Mme Élisabeth Lamure, présidente. - J'ai interpellé le Ministre du Commerce extérieur sur ce sujet lors de son audition. La grande faiblesse de nos PME provient de leur manque de visibilité en ligne. Malgré tout, il y a en France près de 500 000 créations d'entreprise par an. Le statut de l'auto-entrepreneur, bien que décrié, a apporté une simplification majeure. L'idée était de pouvoir créer son entreprise d'un clic. Il reste néanmoins, vous avez raison, encore beaucoup de choses à simplifier.
Mme Nicole Bricq. - Ce statut a été complexifié depuis. Je le reconnais d'autant plus que nous en y avons contribué.

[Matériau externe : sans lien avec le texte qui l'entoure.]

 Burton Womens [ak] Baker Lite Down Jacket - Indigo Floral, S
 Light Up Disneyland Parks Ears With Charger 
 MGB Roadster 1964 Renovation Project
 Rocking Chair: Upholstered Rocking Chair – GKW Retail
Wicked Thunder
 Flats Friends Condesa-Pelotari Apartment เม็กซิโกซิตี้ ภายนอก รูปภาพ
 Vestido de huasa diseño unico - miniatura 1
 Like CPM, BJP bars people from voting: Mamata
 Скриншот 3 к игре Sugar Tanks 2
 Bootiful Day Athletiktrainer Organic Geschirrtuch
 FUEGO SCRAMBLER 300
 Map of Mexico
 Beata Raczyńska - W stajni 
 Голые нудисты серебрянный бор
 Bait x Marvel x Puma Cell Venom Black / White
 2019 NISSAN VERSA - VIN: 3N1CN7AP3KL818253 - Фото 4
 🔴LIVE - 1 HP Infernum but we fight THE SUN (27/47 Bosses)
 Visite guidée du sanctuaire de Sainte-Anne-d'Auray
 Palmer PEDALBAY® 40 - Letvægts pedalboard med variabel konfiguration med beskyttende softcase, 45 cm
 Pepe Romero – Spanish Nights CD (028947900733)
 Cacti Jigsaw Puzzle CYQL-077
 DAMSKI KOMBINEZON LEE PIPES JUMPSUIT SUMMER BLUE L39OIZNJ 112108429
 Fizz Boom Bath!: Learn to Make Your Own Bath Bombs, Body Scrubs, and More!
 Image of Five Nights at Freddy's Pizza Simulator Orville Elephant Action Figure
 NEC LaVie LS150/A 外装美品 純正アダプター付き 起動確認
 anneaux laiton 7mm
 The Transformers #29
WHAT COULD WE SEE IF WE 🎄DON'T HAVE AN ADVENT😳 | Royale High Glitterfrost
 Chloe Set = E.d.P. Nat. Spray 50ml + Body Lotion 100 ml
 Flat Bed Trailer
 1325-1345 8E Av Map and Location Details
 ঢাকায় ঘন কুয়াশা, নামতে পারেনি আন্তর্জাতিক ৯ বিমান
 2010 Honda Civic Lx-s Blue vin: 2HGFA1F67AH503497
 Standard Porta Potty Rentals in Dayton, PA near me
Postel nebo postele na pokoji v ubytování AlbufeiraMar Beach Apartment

M. Jean-Marc Gabouty. - On peut être réservé sur le statut d'auto-entrepreneur ; tant que l'activité d'auto-entrepreneur était une activité complémentaire pour certaines catégories et un sas vers la création d'entreprise effective pour d'autres, l'idée était intéressante. Mais vous connaissez la lutte qui existe dans certaines professions entre artisans et auto-entrepreneurs. Créer une entreprise en une heure, avec un bout de papier, un euro et un clic est quelque chose d'excessivement dangereux. Ce n'est pas créer une entreprise qui est difficile, mais la faire durer et fonctionner correctement. Pour la création, il existe des statuts-types. Ce n'est pas insurmontable, avec un expert-comptable qui peut intervenir en la matière. La complexité se situe plutôt dans l'ensemble de nos institutions. Nous avons voté il y a une semaine la loi ratifiant l'ordonnance sur la diminution du nombre minimum d'actionnaires dans une société anonyme. L'ordonnance traite toute la question sur une page et demie. Il a fallu pourtant 14 mois pour la mettre en oeuvre, sur un sujet simple et sans opposition professionnelle. Il faut donc réfléchir à ces délais. Nous avons participé récemment avec Valérie Létard à une remise de prix en matière d'innovation à des entreprises. L'un des lauréats est de ma ville. Il m'a parlé des contacts qu'il avait pris, pour vendre son projet, avec l'opérateur Orange en France et avec le premier opérateur américain. Aux États-Unis, ces affaires se traitent en quinze jours et dans notre pays, elles se traitent en deux ans. C'est cet effet d'enlisement qui plombe notre économie, que l'on soit dans le secteur privé ou dans le secteur public. Je voudrais faire observer que les statistiques concernant les créations d'entreprise sont faussées car elles comprennent également les auto-entrepreneurs.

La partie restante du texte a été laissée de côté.